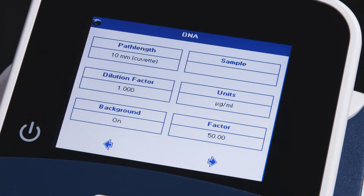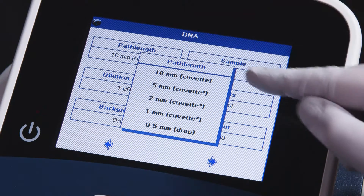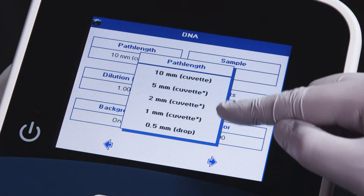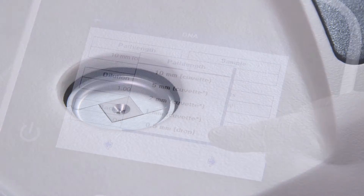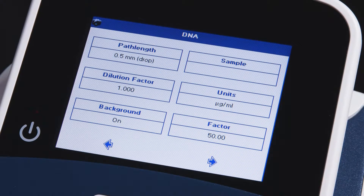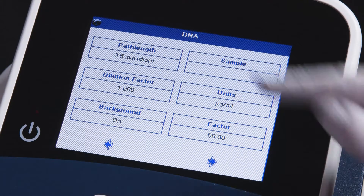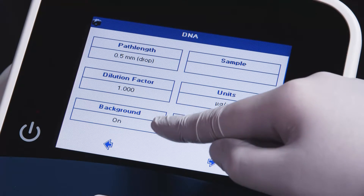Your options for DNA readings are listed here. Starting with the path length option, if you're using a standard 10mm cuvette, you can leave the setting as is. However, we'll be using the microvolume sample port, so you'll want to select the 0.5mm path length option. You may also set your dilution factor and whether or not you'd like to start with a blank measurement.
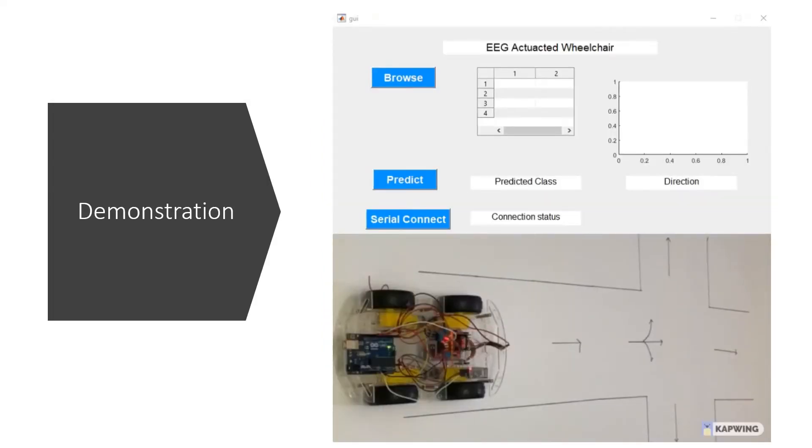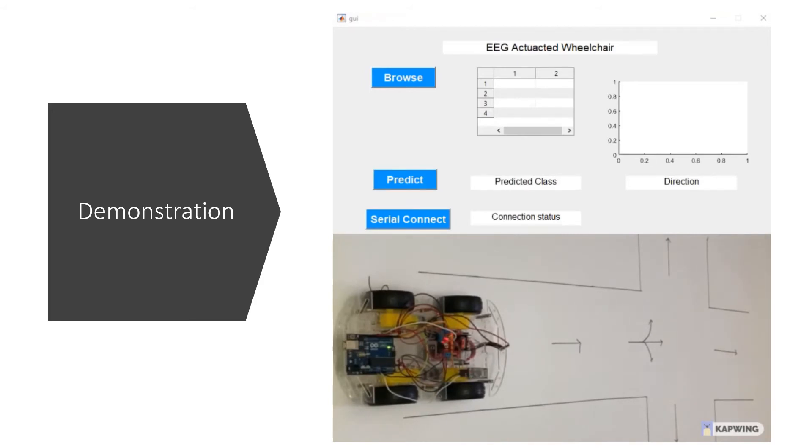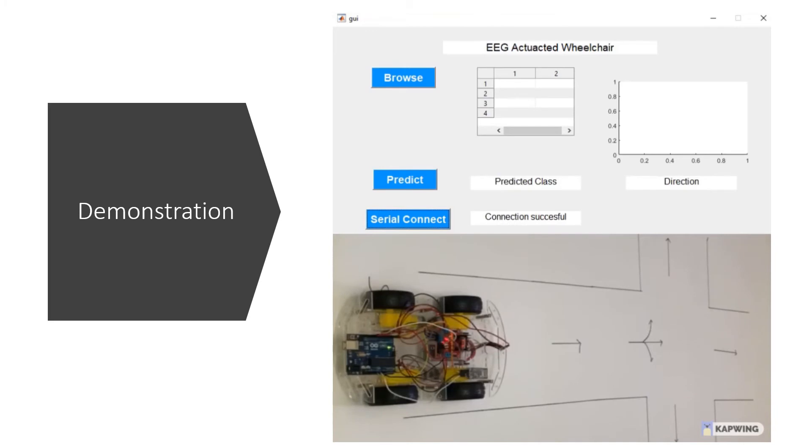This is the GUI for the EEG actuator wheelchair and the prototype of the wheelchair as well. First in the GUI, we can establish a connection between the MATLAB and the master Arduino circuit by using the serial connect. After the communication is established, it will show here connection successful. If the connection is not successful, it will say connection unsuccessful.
━━━━━━━━━━
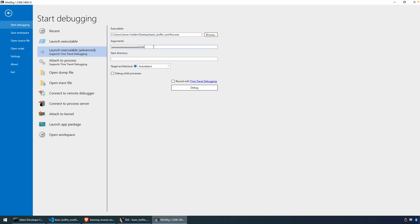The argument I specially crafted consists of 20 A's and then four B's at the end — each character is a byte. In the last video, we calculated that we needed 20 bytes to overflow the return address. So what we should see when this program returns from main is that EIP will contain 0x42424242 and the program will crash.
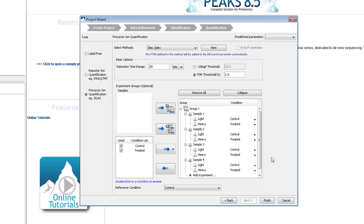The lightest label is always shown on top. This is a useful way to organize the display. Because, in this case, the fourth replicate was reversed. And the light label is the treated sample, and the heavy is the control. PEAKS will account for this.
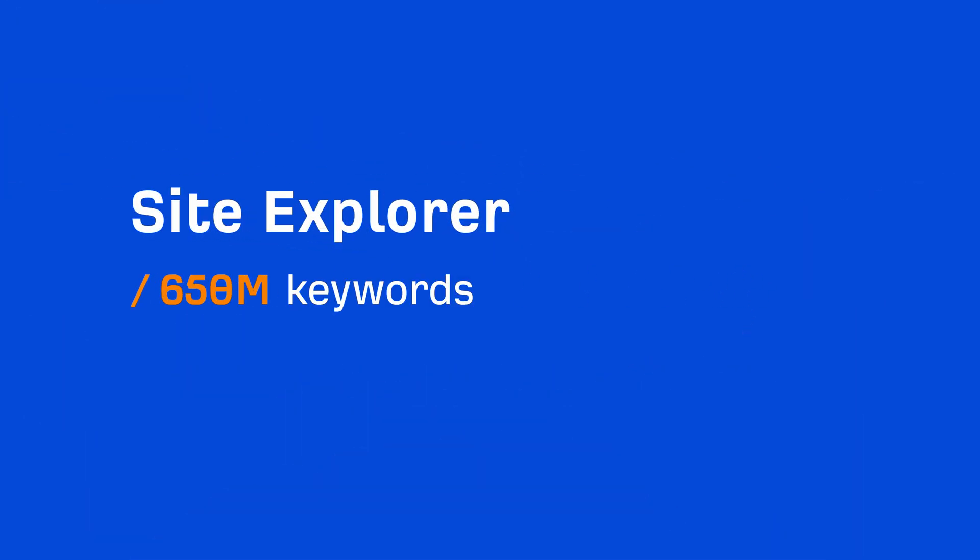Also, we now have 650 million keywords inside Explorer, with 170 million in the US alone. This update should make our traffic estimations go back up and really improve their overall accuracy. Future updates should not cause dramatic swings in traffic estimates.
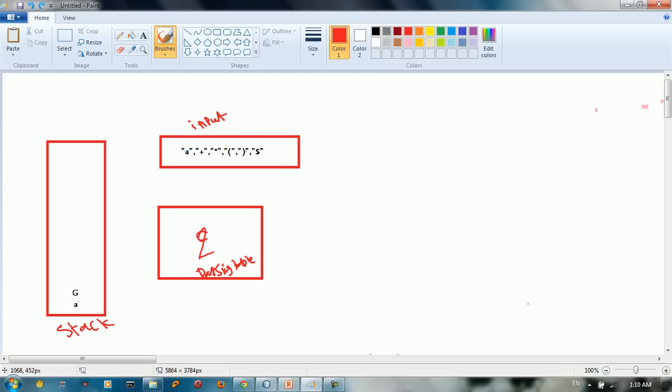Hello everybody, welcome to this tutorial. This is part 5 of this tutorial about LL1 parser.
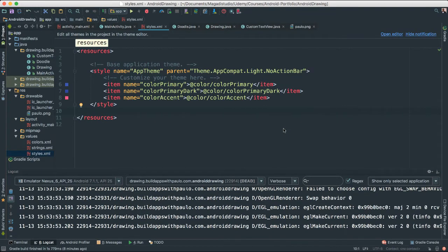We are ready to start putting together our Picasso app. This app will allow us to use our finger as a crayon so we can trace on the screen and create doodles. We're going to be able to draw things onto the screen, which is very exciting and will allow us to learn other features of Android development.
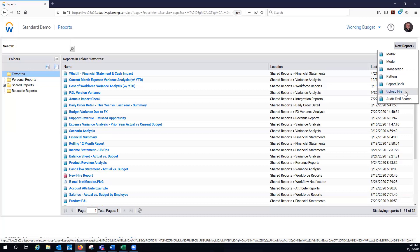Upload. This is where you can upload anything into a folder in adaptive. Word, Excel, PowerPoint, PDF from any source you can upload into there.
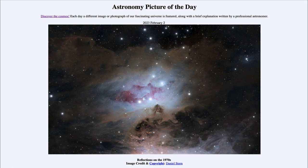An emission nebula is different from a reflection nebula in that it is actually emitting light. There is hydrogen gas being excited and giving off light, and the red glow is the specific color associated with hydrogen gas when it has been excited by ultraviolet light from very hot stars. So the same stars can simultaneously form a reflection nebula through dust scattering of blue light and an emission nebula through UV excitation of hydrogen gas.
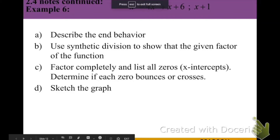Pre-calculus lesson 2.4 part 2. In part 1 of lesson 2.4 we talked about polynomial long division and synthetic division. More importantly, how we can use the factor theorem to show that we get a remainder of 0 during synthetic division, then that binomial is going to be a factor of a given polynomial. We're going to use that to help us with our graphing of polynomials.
━━━━━━━━━━
EXERCISE PROMPT: Would you print exactly the lines in the listing above, from the line bearing "Also, we now" through the line bearing "Hello everybody, welcome", leaving out all pictures?

EXERCISE ANSWER:
Also, we now have 650 million keywords inside Explorer, with 170 million in the US alone. This update should make our traffic estimations go back up and really improve their overall accuracy. Future updates should not cause dramatic swings in traffic estimates.
Hello everybody, welcome to this tutorial. This is part 5 of this tutorial about LL1 parser.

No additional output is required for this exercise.